I have a bunch of bash scripts loaded from my .bashrc that I store in a private github repo so I can use them across computers. Each computer has its own quirks, so I have a branch for each one. I started this project on my work computer, so master
has a bunch of code that's not relevant for my home environments.
In those branches, I've deleted the work-related changes, however it would be much better if I could make work
its own branch and make master
a base, non-customized set of code. That way, whenever I make a change in my work
branch, I don't get merge conflicts about deleted files when I rebase my home computers onto master
. However, I want to make changes to master
that apply to all of my branches; if I then rebase work
back onto master
--which has deleted my work code--work
will receive those deletions.
How can I branch master
into work
, delete the work-related changes on master
, and then rebase work
back onto my cleaned master
without deleting all the work-related code in work
?
I could use git rebase --interactive
and split out all of my work changes since the beginning of time, but that seems tedious for an action that can't be all that uncommon.
I saw git rebase --onto
and git filter-branch
but from what I read, neither of those look like the right approach.

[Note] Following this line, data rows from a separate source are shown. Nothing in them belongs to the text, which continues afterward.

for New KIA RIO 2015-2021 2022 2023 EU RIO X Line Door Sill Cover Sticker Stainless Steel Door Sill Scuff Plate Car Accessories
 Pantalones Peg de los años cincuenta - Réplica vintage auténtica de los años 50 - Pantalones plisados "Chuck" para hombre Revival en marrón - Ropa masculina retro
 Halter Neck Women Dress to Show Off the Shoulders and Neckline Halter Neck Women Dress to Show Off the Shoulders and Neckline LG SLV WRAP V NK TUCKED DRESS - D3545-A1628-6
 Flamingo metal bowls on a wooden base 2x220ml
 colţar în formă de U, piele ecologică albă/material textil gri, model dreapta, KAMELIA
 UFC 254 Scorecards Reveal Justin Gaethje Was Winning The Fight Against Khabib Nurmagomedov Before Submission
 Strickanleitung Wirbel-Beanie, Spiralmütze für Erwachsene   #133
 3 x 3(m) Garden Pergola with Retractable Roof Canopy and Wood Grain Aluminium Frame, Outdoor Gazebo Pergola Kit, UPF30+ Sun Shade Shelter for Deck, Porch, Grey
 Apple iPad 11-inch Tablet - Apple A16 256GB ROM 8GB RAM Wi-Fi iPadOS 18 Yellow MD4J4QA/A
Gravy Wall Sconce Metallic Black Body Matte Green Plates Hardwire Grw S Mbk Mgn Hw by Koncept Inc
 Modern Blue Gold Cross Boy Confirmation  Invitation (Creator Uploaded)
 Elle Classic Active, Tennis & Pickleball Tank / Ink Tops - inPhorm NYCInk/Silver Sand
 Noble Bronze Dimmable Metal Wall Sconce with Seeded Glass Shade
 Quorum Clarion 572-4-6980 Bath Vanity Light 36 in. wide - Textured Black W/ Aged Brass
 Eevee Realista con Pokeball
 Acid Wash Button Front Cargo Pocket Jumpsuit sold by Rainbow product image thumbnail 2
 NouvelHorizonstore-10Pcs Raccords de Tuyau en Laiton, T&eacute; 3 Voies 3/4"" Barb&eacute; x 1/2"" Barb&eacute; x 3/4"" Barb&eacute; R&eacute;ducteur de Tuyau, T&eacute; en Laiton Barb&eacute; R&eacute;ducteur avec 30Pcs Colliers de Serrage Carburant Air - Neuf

How can I branch master into work, delete the work-related changes on master, and then rebase work back onto my cleaned master without deleting all the work-related code in work?
A rebase onto master would use a... rebase --onto
:
git rebase --onto master $(git merge-base master work) work
That would replay your commits from work on top of the cleaned master
git merge-base master work
|
m--m--m--M (master, cleaned-up)
\
w--w--w (work)
git rebase --onto master $(git merge-base master work) work
m--m--m--M (master, cleaned-up)
\
w'--w'--w' (work, rebased)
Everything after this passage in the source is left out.